One of the hallmarks of a genuinely philosophical temperament, of a genuinely rational and intelligent person, is the openness to new evidence—openness to the possibility of being wrong and the need to revise one’s beliefs, to slaughter our own intellectual sacred cows when our core assumptions turn out to be incorrect. As the philosopher and historian of science Thomas Kuhn has pointed out, given his own broadly Wittgensteinian approach to the history of science, the openness to revising one’s fundamental assumptions is responsible for all of the major paradigm shifts in the history of science: the Copernican revolution with its shift from a geocrentric model of the solar system (with its postulation of very-appealing-but-dead-wrong ptolemaic epicycles) to a heliocentric model of the solar system, the shift from newtonian physics to relativistic physics, the development of quantum mechanics (yet to be reconciled with relativistic physics), and so on.
But when faced with such blatant illogic and lack of openness to counter-evidence, we modern-day Socrateses are at a loss for how to make an impact with these folks in any way other than harkening back to Socrates’s own approach: using dialogue and dialectic to allow others to see their own errors, their own latent contradictions, and their own factual or conceptual errors.
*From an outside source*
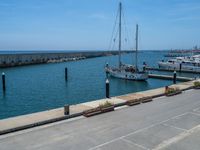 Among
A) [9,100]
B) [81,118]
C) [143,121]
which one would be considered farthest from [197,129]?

But just as Socrates was seen as a corruptor of the youth of Athens, we rational ones are so very often viewed as the ridiculous ones by those who are themselves paragons of illogic and irrationality, fully confident in their convictions but dead-wrong factually, conceptually, scientifically, or culturally. Yet, despite our lack of success, we 21st-century Socrateses will keep up the fight against irrationality and illogic wherever we see it, one person at a time, trying our best not to be disheartened as we keep rationality alive and wait for a new Age of Enlightenment that may never come.